If I go to the mall, and consider every female over the age of 18 I see there, and sort by whether I could imagine her as a sex partner, I have to confess that the number of rejects would probably represent the vast majority. I often see this as a problem on L&D when men freely claim that "any woman" can go out and find someone to have sex with if they'd just relax their standards a bit. The fact is that the aforementioned group of rejects are invisible to these men — they are simply not included in the statistical sample.
When it comes to choosing a life partner, things get even worse. There's plenty of women who could probably manage some one night stands if they made it clear that was truly all that mattered to them, but compared to more attractive women they WOULD have to lower their standards, which is frankly demeaning if you were to point out to them that they will always be disadvantaged when seeking a mate. It is quite clear to me which women on this forum are attractive and which aren't. The former may complain about lovers' behavior but seem always to have male companionship of some sort. The latter seem to never even find a date. Yeah I truly believe things are worse for women overall, but if you're the Ugly Guy of the subject line then that won't make you feel any better.
I'll confess right now that I've been plenty guilty of judging women on the basis of looks, despite not being God's gift to women in any way.
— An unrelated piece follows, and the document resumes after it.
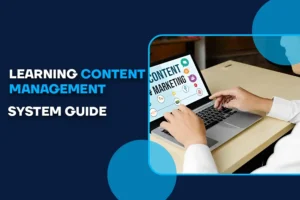 A professional work on laptop learning about the content management system about the different CMS.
I can remember the last woman I dated before meeting my wife — who was a fantastic bedmate — and thinking about what tiny eyes she had and did I really want to look at them the rest of my life (not the reason the relationship ended but nevertheless there it is).
It's possible some people on the spectrum are faceblind to the extent they are truly less affected by looks. But OTOH I think the lack of empathy actually makes things worse; harder to perceive a person's "inner beauty" and more influenced by outward appearance. In fact I'm almost certain that's my own problem. I value my wife largely due to her appearance and how gracefully she has aged. In fact my belief that she would keep her looks for a long time (and the fact that she is a few years younger anyway) had a lot to do with my willingness to marry her. A horrible confession but there you have it.
One other thing. Regarding getting one's teeth fixed, this can be extremely expensive. It is certainly expensive in the US despite which fact I have generally observed that Americans tend to have better teeth than people from other countries even a wealthy country such as Japan. So you can't just dismiss somebody for not getting their teeth fixed, or their nose for that matter (unless necessary for proper breathing rather than purely cosmetic). This is just out of reach for many, perhaps most folks on WP.
In summary, we live in an ugly world and it's our lot to deal with it.